Leave out every picture, then transcribe the rest of the listing exactly.
-------- Recorded data --------
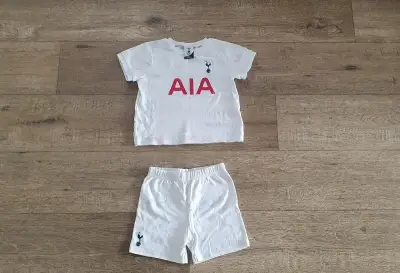 Triko, kraťasy Tottenham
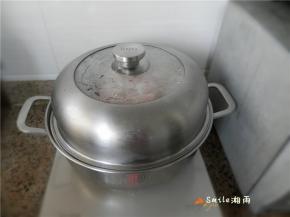 置蒸锅，水沸后大火蒸8分钟。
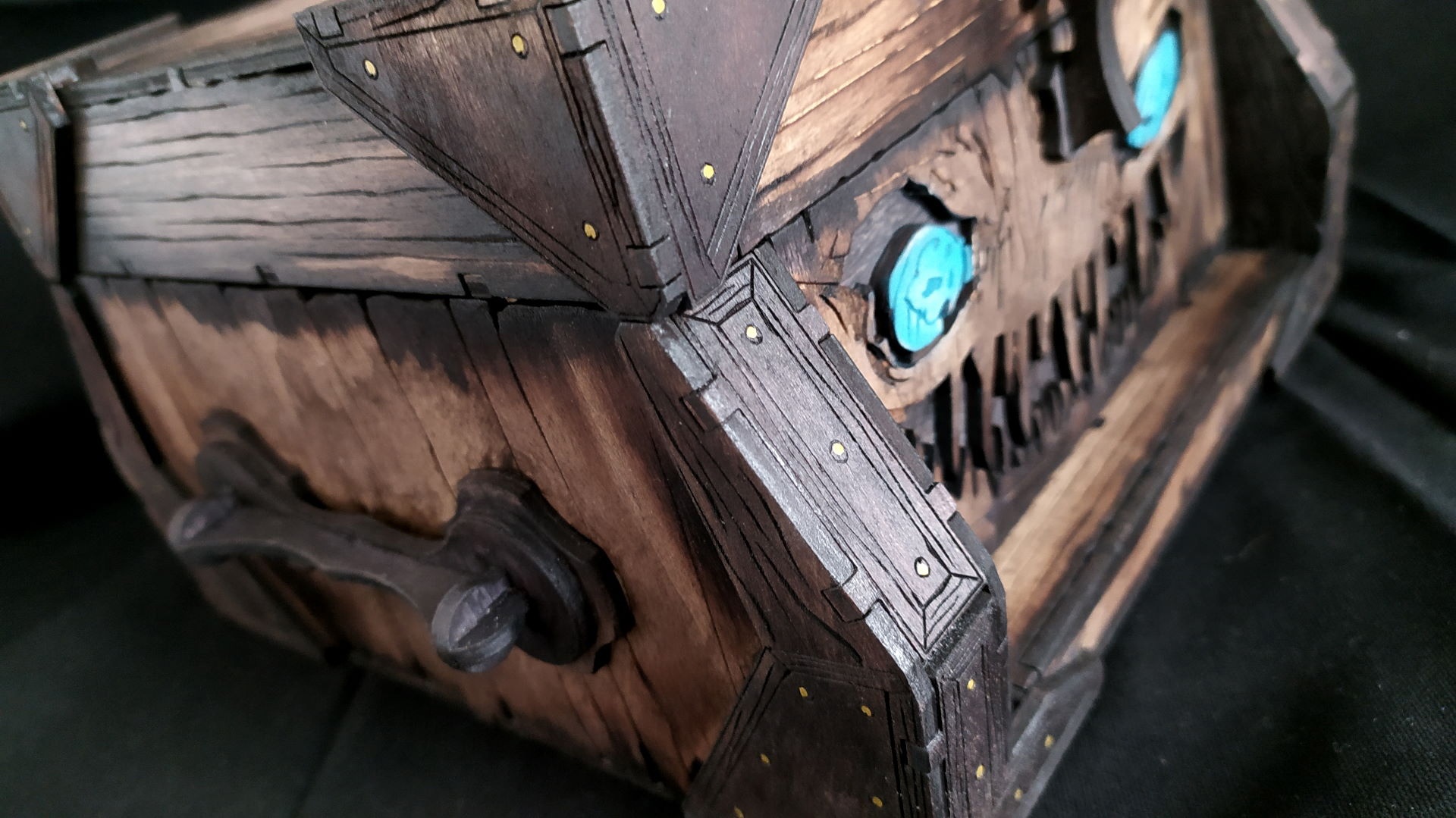 00190_scr_01 Mimic chest 00190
--------
*Result*.
 Triko, kraťasy Tottenham
 置蒸锅，水沸后大火蒸8分钟。
 00190_scr_01 Mimic chest 00190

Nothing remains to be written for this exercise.